The People contend that the effect of CPL 60.42 is merely procedural and that it in no way alters the quantum or type of proof necessary for conviction. The ex post facto prohibition, the prosecution represents, has not been held to apply to procedural statutes, and therefore the court’s invocation of CPL 60.42 was entirely proper (see People v Nival, 33 NY2d 391).

CPL 60.42 provides:

"Rules of evidence; admissibility of evidence of victim’s sexual conduct in sex offense cases.
"Evidence of a victim’s sexual conduct shall not be admissible in a prosecution for an offense or an attempt to commit an offense defined in article one hundred thirty of the penal law unless such evidence:
[756]*756"1. proves or tends to prove specific instances of the victim’s prior sexual conduct with the accused; or
"2. proves or tends to prove that the victim has been convicted of an offense under section 230.00 of the penal law within three years prior to the sex offense which is the subject of the prosecution; or
"3. rebuts evidence introduced by the people of the victim’s failure to engage in sexual intercourse, deviate sexual intercourse or sexual contact during a given period of time; or
"4. rebuts evidence introduced by the people which proves or tends to prove that the accused is the cause of pregnancy or disease of the victim, or the source of semen found in the victim; or
"5. is determined by the court after an offer of proof by the accused outside the hearing of the jury, or such hearing as the court may require, and a statement by the court of its findings of fact essential to its determination, to be relevant and admissible in the interests of justice.”
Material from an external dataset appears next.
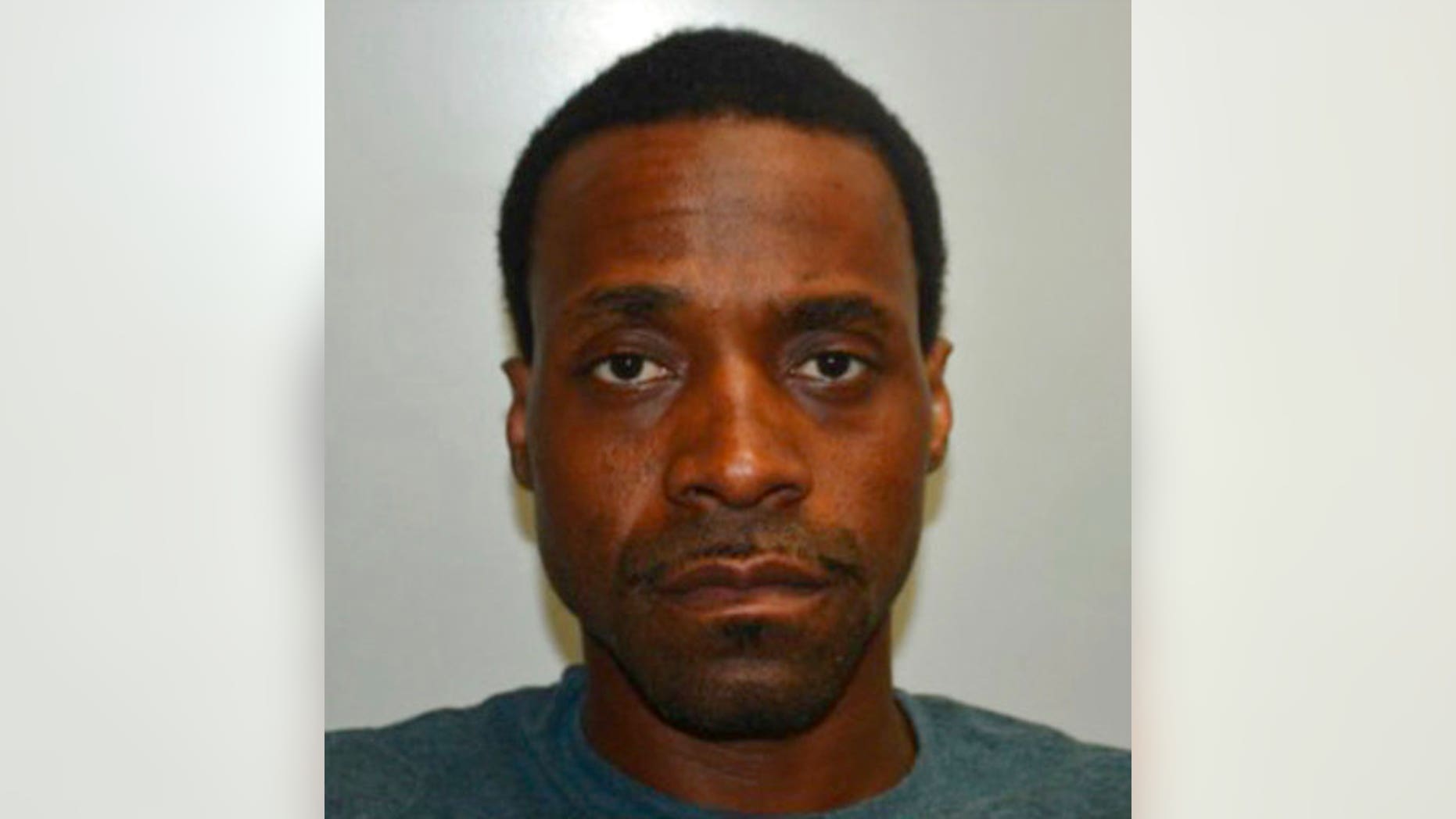 This undated photo provided by the Fresno Police Department shows Kori Ali Muhammad a suspect in the Fresno, Calif., shooting on Tuesday, April 18, 2017. Muhammad was arrested on Tuesday shortly after the deadly morning rampage that left several dead according to police. (Fresno Police Department via AP)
The new provision has a twofold purpose: (1) to bar harassment of victims with respect to irrelevant issues; and (2) to keep from the jury confusing and prejudicial matters which have no proper bearing on the issue of guilt or innocence of the accused (see Practice Commentary, McKinney’s Cons Laws of NY, Book 11 A, 1975-1976 Pocket Part, CPL 60.42, p 76; Memorandum of Assemblyman Fink, NY Legis Ann, 1975, p 48). The statute is designed "to strike a reasonable balance between protecting the privacy and reputation of a victim and permitting an accused, when it is found relevant, to present evidence of a victim’s sexual conduct.” (Practice Commentary, supra, p 71.)

Upon application of the Assistant District Attorney, the trial court applied CPL 60.42 and decided, consent not being in issue, to preclude defendant’s cross-examination of the complainant regarding her numerous convictions for prostitution, which date from 1953 to 1968. The Trial Judge, however, permitted defendant to impeach the complainant with other convictions some of which were for more serious crimes. The court also allowed questioning with respect to how the complainant supported herself and whether she used any aliases or assumed names.
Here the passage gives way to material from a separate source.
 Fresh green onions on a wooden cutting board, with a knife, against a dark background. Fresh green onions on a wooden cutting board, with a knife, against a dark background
The United States Supreme Court, in the landmark case of Calder v Bull (3 Dallas [3 US] 386 [1798]), set down the types [757]*757of laws which fall within the constitutional admonition against ex post facto legislation. Justice Chase declared (pp 390-391): "1st. Every law that makes an action done before the passing of the law, and which was innocent when done, criminal; and punishes such action. 2d. Every law that aggravates a crime, or makes it greater than it was, when committed. 3d. Every law that changes the punishment, and inflicts a greater punishment, than the law annexed to the crime, when committed. 4th. Every law that alters the legal rules of evidence, and receives less, or different testimony, than the law required at the time of the commission of the offense, in order to convict the offender. All these, and similar laws, are manifestly unjust and oppressive.”
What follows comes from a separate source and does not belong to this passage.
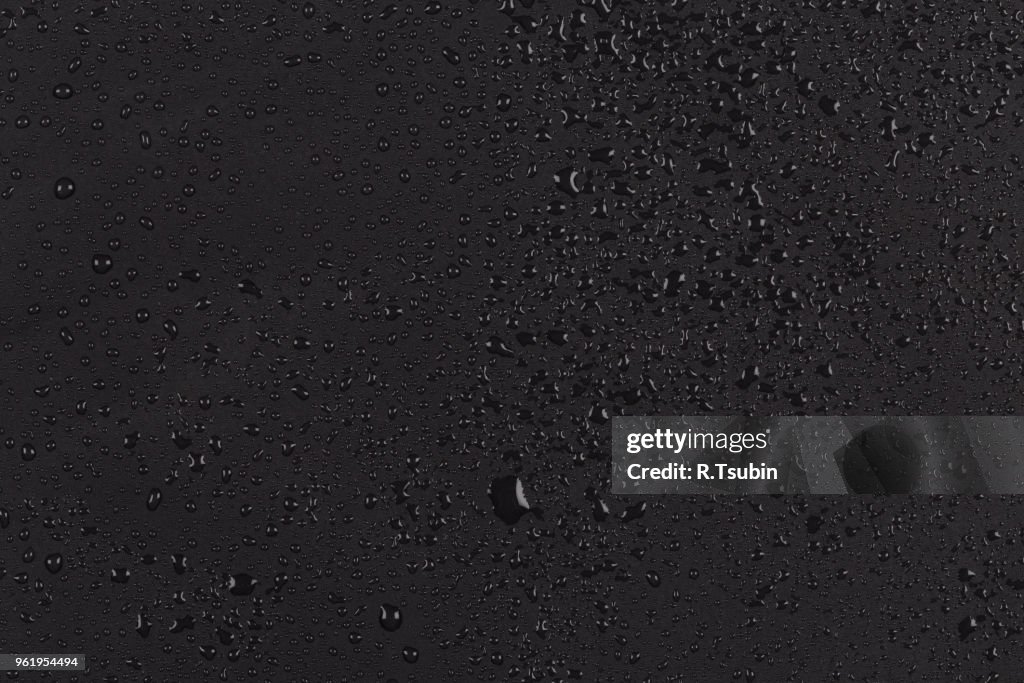 Water drops on dark stone rock surface of basalt or granite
Conversely, the Supreme Court, in Beazell v Ohio (269 US 167), also held that "statutory changes in the mode of trial or the rules of evidence, which do not deprive the accused of a defense and which operate only in a limited and unsubstantial manner to his disadvantage, are not prohibited.” The rationale is " 'so far as the mere modes of procedure are concerned, a party has no more right, in a criminal than in a civil action, to insist that his case shall be disposed of under the law in force when the act to be investigated is charged to have taken place. Remedies must always be under the control of the legislature, and it would create endless confusion in legal proceedings if every case was to be conducted only in accordance with the rules of practice, and heard only by the courts in existence when its facts arose.’ ” (Thompson v Utah, 170 US 343, 351, 352, citing Cooley, Treatise on Constitutional Limitations [6th ed], p 326; United States v Fino, 478 F2d 35 [2d Cir 1973].) Whether an alteration in procedure will be held to be of sufficient moment to transgress the constitutional prohibition cannot be embraced within a formula; the distinction is rather one of degree (Beazell v Ohio, supra).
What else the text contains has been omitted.